*Note: All data is from the 1985 tournament to the present.
The streak is over now. This is a new era.
UMBC became the first No. 16 seed to beat a No. 1 seed when during the 2018 NCAA Tournament the Retrievers upset the top overall seed Virginia Cavaliers. It wasn't even close. UMBC won by 20, 74-54, and delivered a result no other bottom seed had since the tournament field expanded to 64 teams in 1985. No. 1 seeds are now 135-1.
Xavier became the 19th No. 1 seed to exit the tournament in the Round of 32.
The two losses, far different from the Final Four trips by the other two No. 1 seeds, Villanova and Kansas, proved stark reminders of the scares top seeds have experienced in the past.

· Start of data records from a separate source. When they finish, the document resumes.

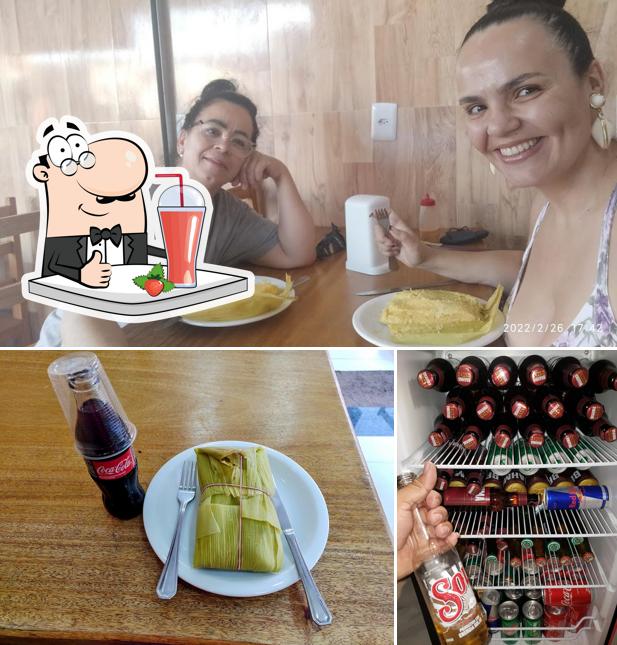 Desfrute de uma bebida no Pamonharia Junio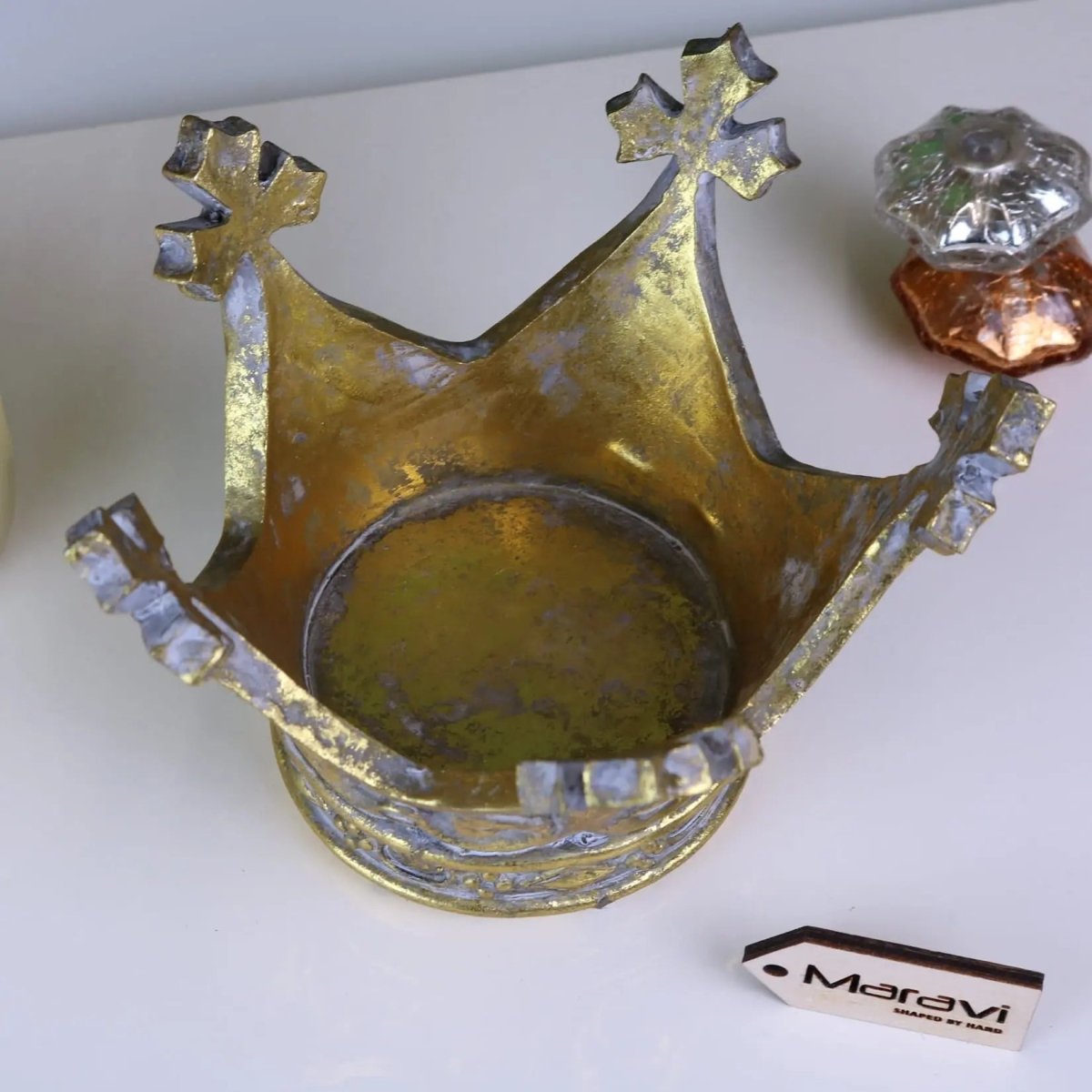 Ziro Crown Candle Holder Vintage Style - Joe’s Haven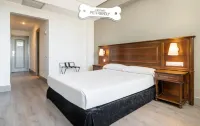 Hotel Ilunion Las Lomas Hotels in Merida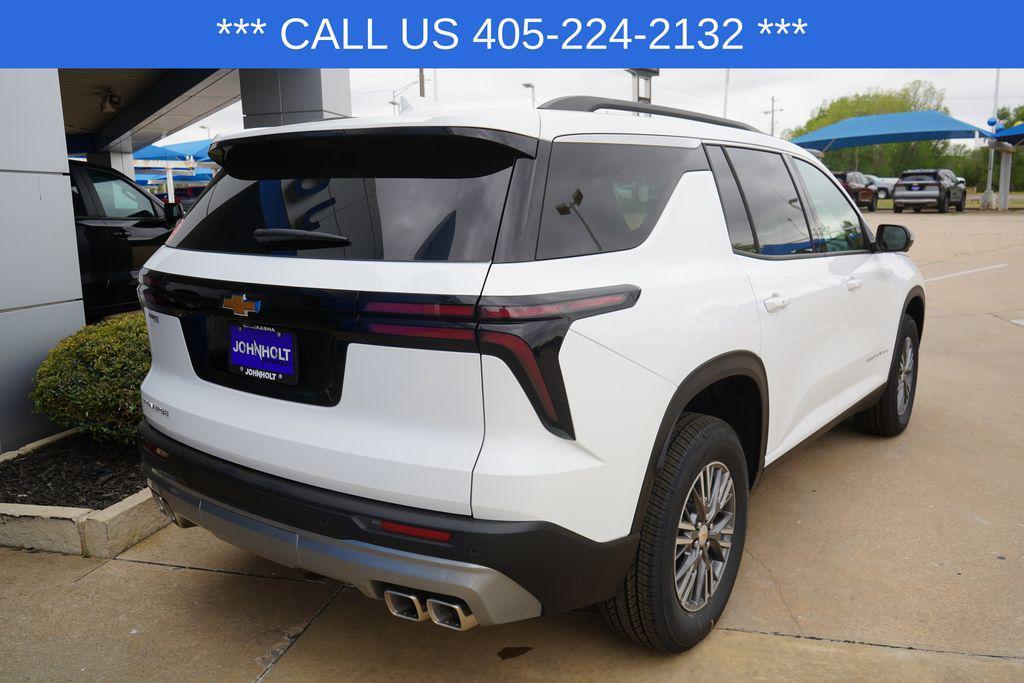 new 2026 Chevrolet Traverse car, priced at $43,199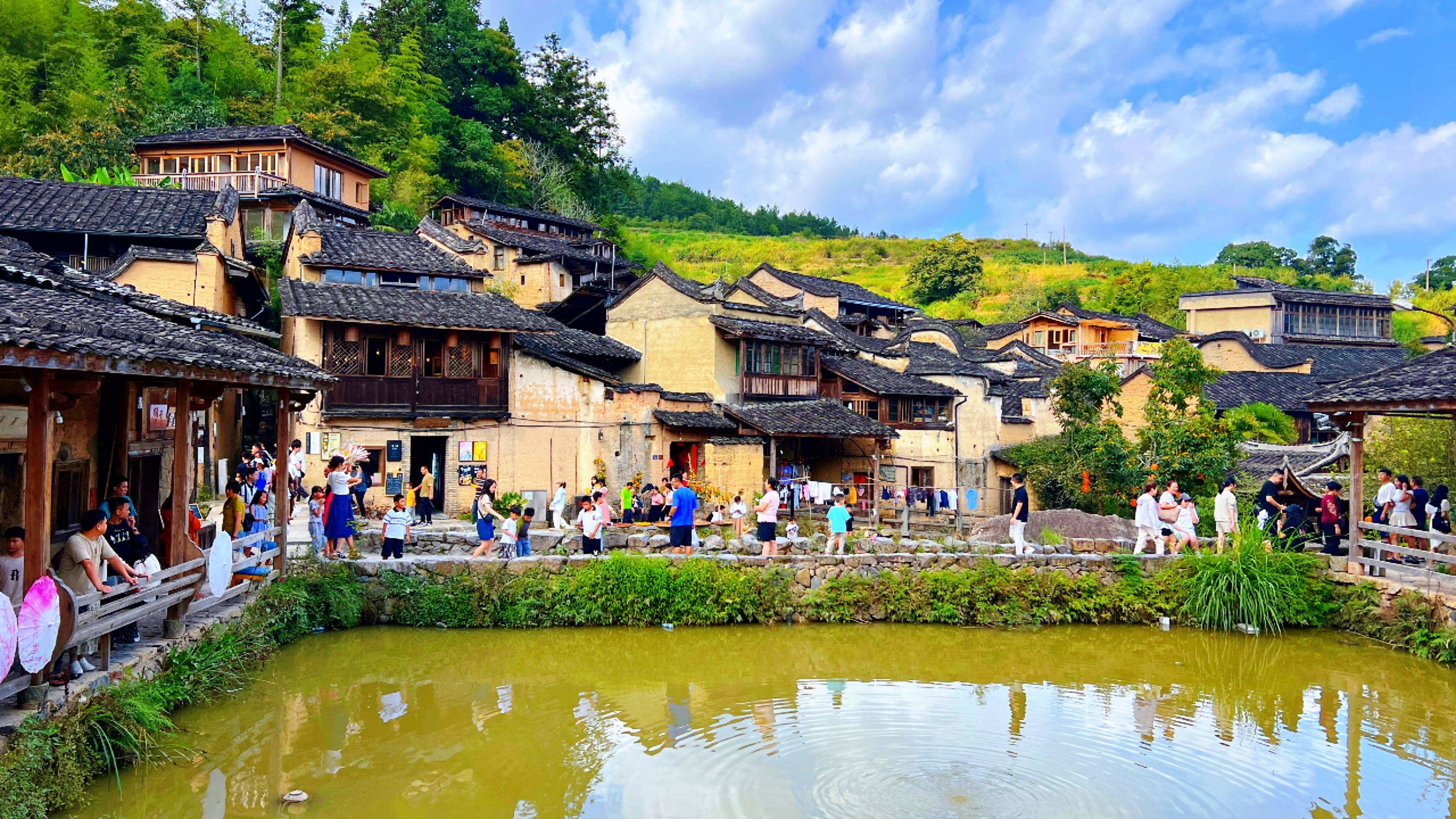 福建:鄉村變景點 村遊火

Take the 1989 tournament for instance when not one but two No. 1 seeds — Georgetown and Oklahoma — barely escaped the opening round. The Hoyas and Sooners defeated Princeton and East Tennessee State, respectively, by a single point. A year later, Michigan State found itself in a similar position before eventually defeating Murray State, 75-71, in overtime.
Purdue survived a scare in 1996 from the Western Carolina Catamounts, winning 73-71.
ALL-TIME BEST: Coach K sets record for career wins
While no other teams have come down to a single possession, there have been some memorable games in the past that have been decided by single digits. Both Syracuse in 2012 and Kansas in 2013 survived tough contests from No. 16 seeds, defeating UNC-Asheville and Western Kentucky, respectively, by seven points.
Now, No. 1 seeds may often appear to have it easy in the opening round, but the rest of the tournament could go either way. Despite the dominating numbers, 2008 remains the only year the Final Four has been comprised of all No. 1 seeds. Last season, Villanova and Kansas faced off in the Final Four and Villanova won the national championship. Only seven title games since expansion have been a 1-v-1.